:: What the task requires ::
Would you please repeat, word for word, only the lines from the one holding "In front of" through the one holding "If I want to" in the material below, without the pictures?

:: Data shown ::
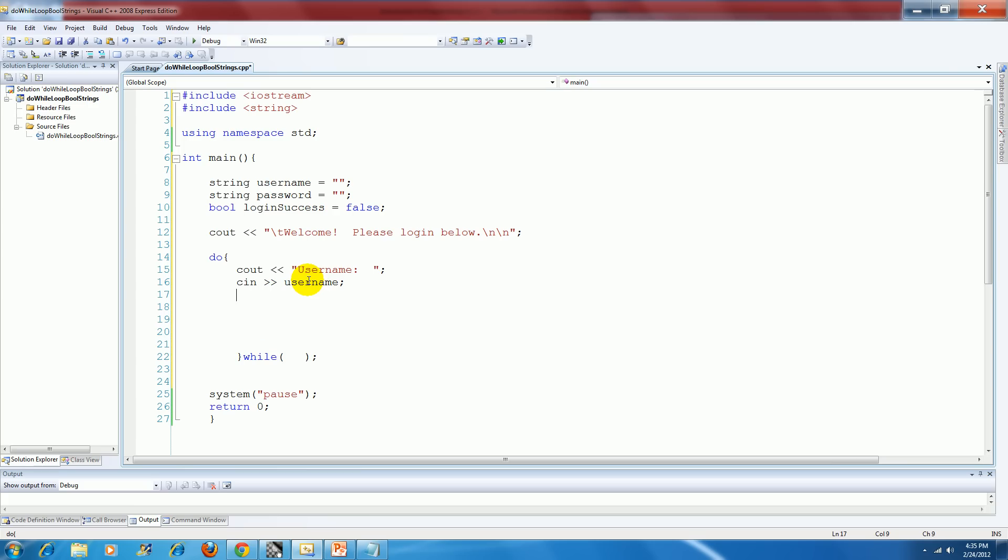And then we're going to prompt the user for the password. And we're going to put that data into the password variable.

==

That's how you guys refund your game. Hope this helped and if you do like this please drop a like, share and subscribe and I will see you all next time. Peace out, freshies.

* * *

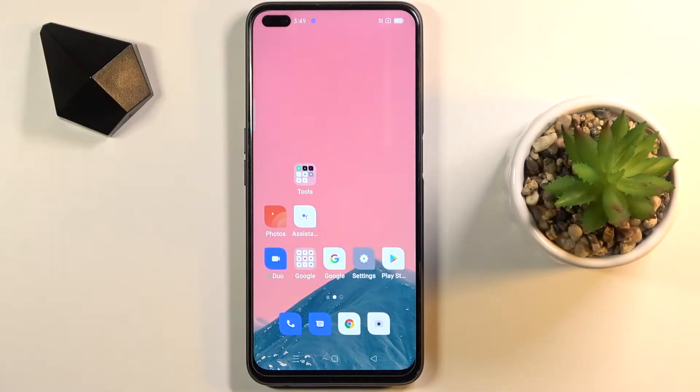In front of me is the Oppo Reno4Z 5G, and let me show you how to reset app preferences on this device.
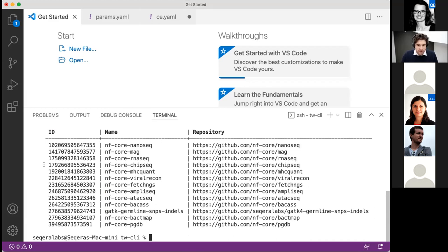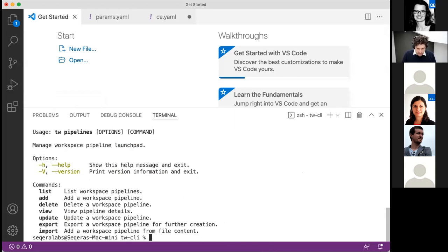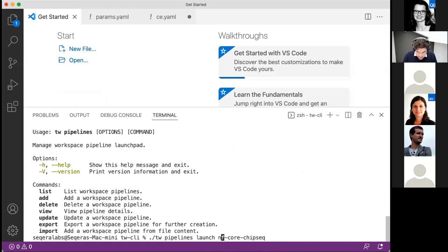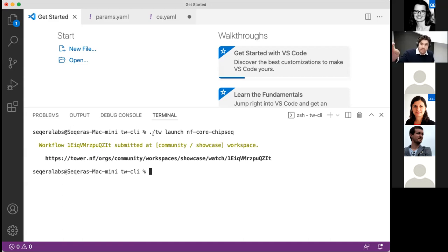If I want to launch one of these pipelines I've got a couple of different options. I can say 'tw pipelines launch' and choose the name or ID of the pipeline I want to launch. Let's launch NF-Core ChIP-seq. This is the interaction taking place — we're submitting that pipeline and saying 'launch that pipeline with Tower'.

:: Task answer ::
In front of me is the Oppo Reno4Z 5G, and let me show you how to reset app preferences on this device.
If I want to launch one of these pipelines I've got a couple of different options. I can say 'tw pipelines launch' and choose the name or ID of the pipeline I want to launch. Let's launch NF-Core ChIP-seq. This is the interaction taking place — we're submitting that pipeline and saying 'launch that pipeline with Tower'.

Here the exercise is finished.